Software & Data Management
The proprietary BodyLux® Acquisition & Analysis Suite runs on Windows 10/11 (64-bit) and includes three core modules: Scan Control (real-time alignment diagnostics), AutoMeasure (ISO 8559-1–aligned anthropometric engine), and CohortManager (relational SQL database with role-based access control). Each scan generates a timestamped record containing raw point cloud, reconstructed mesh, computed dimensions, and metadata (subject ID, date, technician, environmental conditions). Data export supports batch processing and API integration (RESTful endpoints available under enterprise license) for interoperability with LIMS, EHR, or PLM systems. All stored measurements are cryptographically hashed; revision history preserves original and edited values per ALCOA+ principles.
Applications
- Ergonomics & Occupational Health: Quantification of workplace posture strain indices, seat/cockpit fit validation, and PPE sizing optimization per ISO 11226 and ANSI/HFES 100
- Sports Science: Longitudinal tracking of lean mass distribution, joint angle kinematics (via markerless pose estimation add-on), and swimwear/dynamic apparel drag coefficient modeling
- Clinical Nutrition & Rehabilitation: Objective assessment of edema progression, post-surgical contour changes, and sarcopenia screening using volumetric segmentation algorithms
- Apparel & Fit Technology: Generation of personalized avatars for virtual try-on, automated grading of size charts against national anthropometric databases (e.g., CAESAR, SizeUK), and 3D pattern adaptation
- Digital Twin Development: Input geometry for physics-based soft-tissue simulation, surgical planning rehearsal, and prosthetic socket design validation
FAQ
What is the measurement uncertainty for circumferential dimensions?

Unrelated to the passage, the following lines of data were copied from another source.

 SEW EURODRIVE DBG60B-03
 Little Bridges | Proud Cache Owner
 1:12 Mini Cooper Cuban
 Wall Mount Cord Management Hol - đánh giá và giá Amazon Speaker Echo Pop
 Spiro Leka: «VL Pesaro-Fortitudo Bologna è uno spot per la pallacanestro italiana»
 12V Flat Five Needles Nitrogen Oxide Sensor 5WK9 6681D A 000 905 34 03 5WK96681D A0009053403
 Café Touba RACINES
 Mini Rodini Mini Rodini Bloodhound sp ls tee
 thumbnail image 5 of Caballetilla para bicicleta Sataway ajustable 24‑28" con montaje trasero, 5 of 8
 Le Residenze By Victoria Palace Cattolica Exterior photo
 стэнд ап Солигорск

Typical expanded uncertainty (k=2) is ±2.3 mm for trunk circumferences under controlled lighting and standardized pose—validated per ISO/IEC 17025 accredited inter-laboratory study.
Can BodyLux® integrate with existing hospital IT infrastructure?
Yes—DICOM SR export module and HL7 v2.5 interface are available under HIPAA-compliant deployment configuration.
Is motion compensation supported during scanning?
No. BodyLux® requires static pose acquisition. For dynamic capture, ViALUX recommends synchronized integration with Vicon or Qualisys motion capture systems.
How often does the system require recalibration?
Factory calibration is valid for 24 months; annual verification using supplied traceable phantoms is recommended per ISO 10360-5.
Does the software support custom dimension definitions?
Yes—users may define and validate new anthropometric landmarks and derived metrics via Python scripting interface (API documentation included).